仕事をもらっている身からすると「切り出したいけど、なかなか言いづらい提案」をしなくちゃいけないときがやってくる。そういった場合に、双方いかに満足感を高めつつ自分の言いたいことを言うかというところでいい経験を得たのでまとめておく。
言いづらいこと
例えば、定期的に発注してもらってる案件についてそのリソースを他所に当てたくなったら「仕事もらってる側だけど、断らなくちゃいけない」状況になるし、相手方は発注する気まんまんになってくれてるけど「条件が飲めないからお断り申し上げなくちゃいけない」状況というのはままある。あるいは他所様の会社のことだけどミッションの達成/成果の最大化をするためには少し突っ込んで言わないとな、という状況。
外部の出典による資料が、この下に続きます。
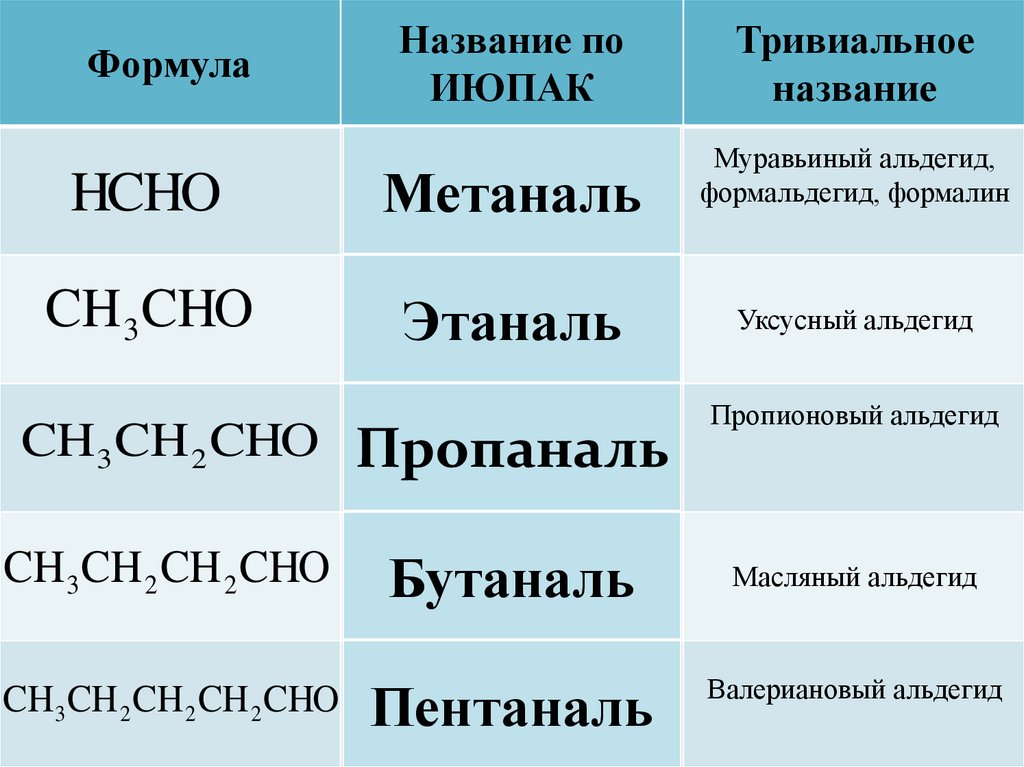 Название альдегидов по систематической номенклатуре. Альдегиды формулы и названия. Альдегиды структурная формула. Формулы альдегидов и их названия. Тривиальные названия альдегидов.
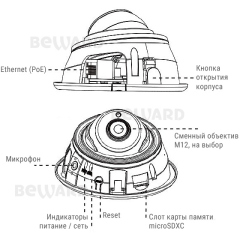 IP-камера  Beward SV3212DR(2.8 mm)
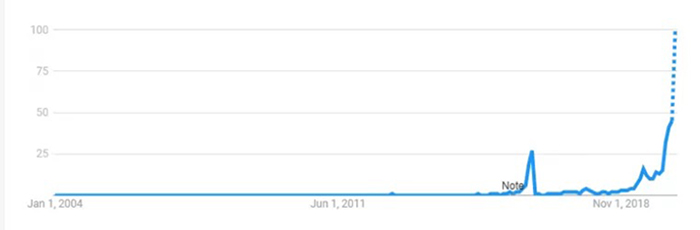 Tìm kiếm trên toàn cầu cho “Bitcoin Halving”. Nguồn: Google Trends.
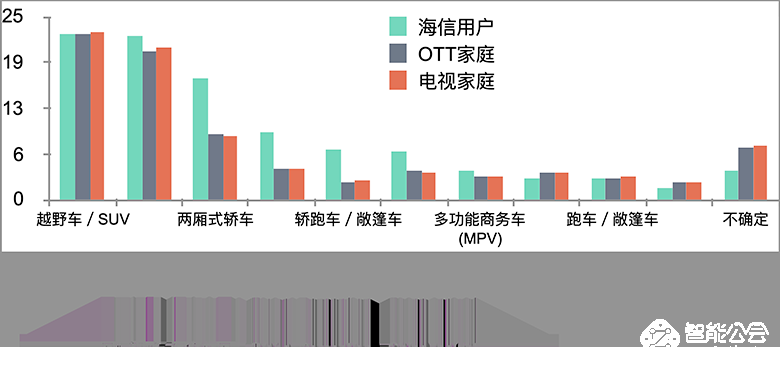 海信领跑高端市场 OTT营销红利持续释放 智能公会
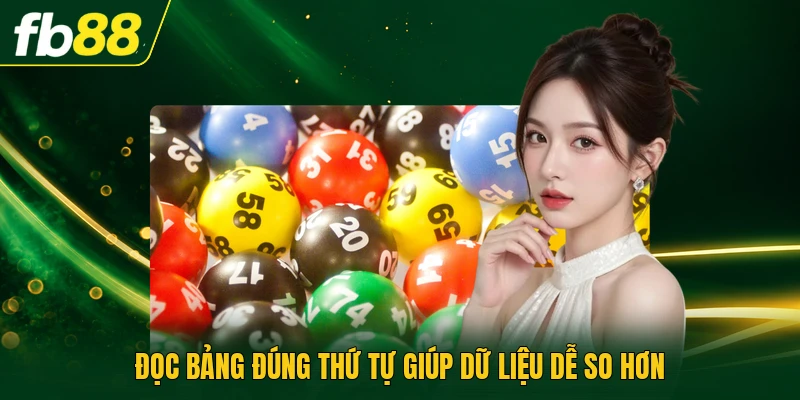 Cách Soi Cầu Loto Gan Qua Chu Kỳ Vắng Từ 7 Kỳ Liên Tiếp 3 Đọc bảng đúng thứ tự giúp dữ liệu dễ so hơn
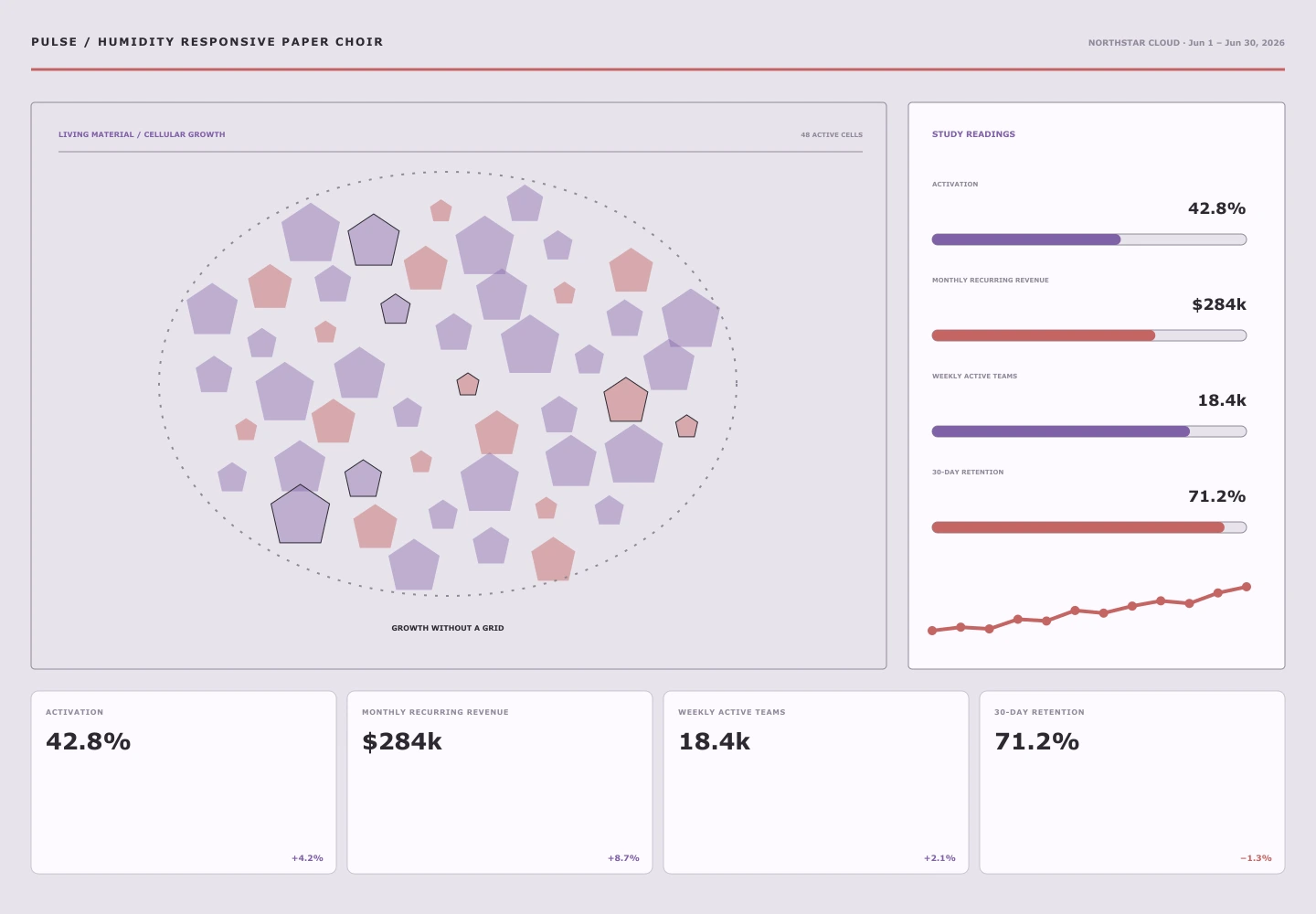 Humidity Responsive Paper Choir archive preview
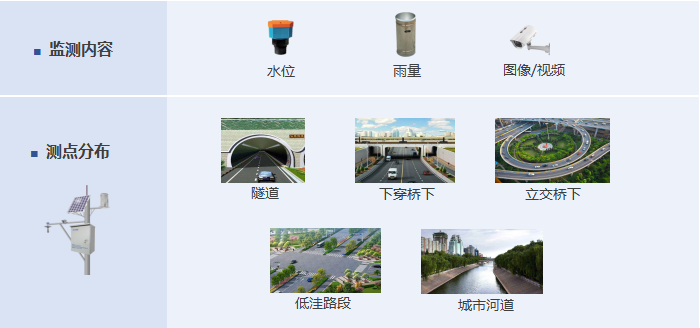 應(yīng)急減災(zāi)-城市內(nèi)澇監(jiān)測預(yù)警系統(tǒng)-系統(tǒng)功能-水雨情監(jiān)測 chshnljcyj3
今回は2番目の例で得た知見。当初の話ではいい内容だったので協力できないか調整していたが、その中で時間が経つにつれて*1最終的に「うちではその条件飲めんな......」となってしまったケース。
目的をはっきり伝える
断りたいという場合は無駄に理由を並べるより先に、まず断りたいという意志を表明する。もちろんお詫びの言葉や、なぜ断るのかという理由は説明するが、詫びや説明をくどくど書くよりも「すみませんが現時点では受けられません」と意思表示する方が素早く話が伝わる率が高くなる。理由の提示は座組/状況によって言える言えないがあるので必須ではないが、個人的にはやはり好意に対して報いれない礼儀としてなるべく伝えておきたい。詫びも同様。だが、相手の心象を悪くしないための蛇足な言葉は誰のためにもならないのであえて控えた方がいいかもしれないと思ってきた。
詫びかたは常識の範囲内で
上記とややかぶる話。応えたいけど応えられないときには罪悪感がつきまとうが、過剰に詫びても特に意味はない。むしろそんだけ申し訳ないと思ってんだったらなんとかしろよと相手方が思ってしまったら*2お互い辛くなるだけなので、詫びるべきところは詫びる、詫びるべきではないところは詫びない(あくまで「謝罪の言葉を重ねりゃいいってもんじゃない」という話)、この線引をして対等な関係で話をした方がいい。
むやみにメリットを並べない
「こうやるよりも、もっと〇〇の方が御社のためだと思いまして」的な切り出し方は、聞こえ方としてはとてもいい。だが、本心でそう思えないのに「相手方にメリットを提示して目線をずらす」というのはあくまで自分都合の提案でしかないので、上手くいくかどうかは運任せといっても過言ではないだろう。それよりも相手から求められることを受けられない自分の都合をきちんと話した方が、後の関係性を考えても有効なことが多いのではと思った。
あくまで対等に
お客さんにはなるべくいい思いをして欲しい。だけど自分たちの譲れない部分も必ずある。それであればやはり一方的に滅私奉公をするのではなく、「相手にとってもよくて、自分にとってもよい」状況をなるべく作れるように努めたいところだ*3。頭は下げるが自分たちのことを卑下しない、相手は上げるが持ち上げて神輿担ぐようにはしない。人と人の関係を保ちつつ、伝えたいことがなるべく純度の高いまま相手に伝わるように努力をすると双方のためになるのではなかろうかという知見だった。